US universities reject campus facial recognition systems

Companies retreat for now, but see the technology’s spread as inevitable

January 28, 2020
Source: Getty

Facial recognition systems are hitting a wall of opposition on US university campuses, with the colleges that have tried the technology backing away and many others vowing not to allow it.

Advocacy groups fighting the technology planned this week to highlight that about a dozen institutions had already committed to opposing systems that use cameras and software to identify people for security and payment purposes.

That follows moves by Stanford University and the University of San Francisco to end their brief uses of facial recognition systems, and the acknowledgement by the University of Southern California that its students were largely rejecting the technology in their dormitories.

The “vast majority” of USC students were opting for fingerprint technology to enter their residence halls, said a university spokeswoman.

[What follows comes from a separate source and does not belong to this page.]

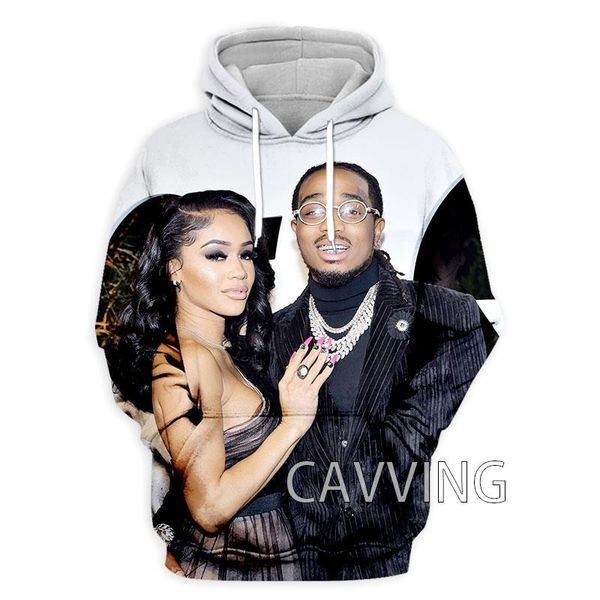men's hoodies & sweatshirts cavving 3d printed saweetie hooded harajuku clothing for women/men man, Black
men's hoodies & sweatshirts cavving 3d printed saweetie hooded harajuku clothing for women/men man, Black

Such seemingly solid resistance, however, does not comfort opponents of facial recognition systems, who fear that the tide eventually will turn.

The head of one company offering facial recognition software said that he was not seeking customers in higher education because it was not worth the trouble.

“College campuses tend to be an area where a lot of the inflammatory misinformation about facial recognition just makes it challenging to participate,” said Peter Trepp, president of FaceFirst.

Until recently, FaceFirst had had on its website a page promising that its technology could help to prevent mass shootings on campus and could keep out unauthorised parents and expelled students.

The page disappeared from the site after Mr Trepp was asked about it. He said that it had been uploaded by a marketing firm without his knowledge. But Mr Trepp expressed confidence that colleges would become a significant marketplace once facial recognition systems had gained wider acceptance elsewhere. “It’s certainly coming,” he promised.

Concern that the march of the technology might indeed be inevitable has galvanised two advocacy groups, Students for Sensible Drug Policy, which opposes drug enforcement laws, and Fight for the Future, which focuses on digital technologies. The groups have been compiling the statements from the universities that are promising to fight facial recognition systems.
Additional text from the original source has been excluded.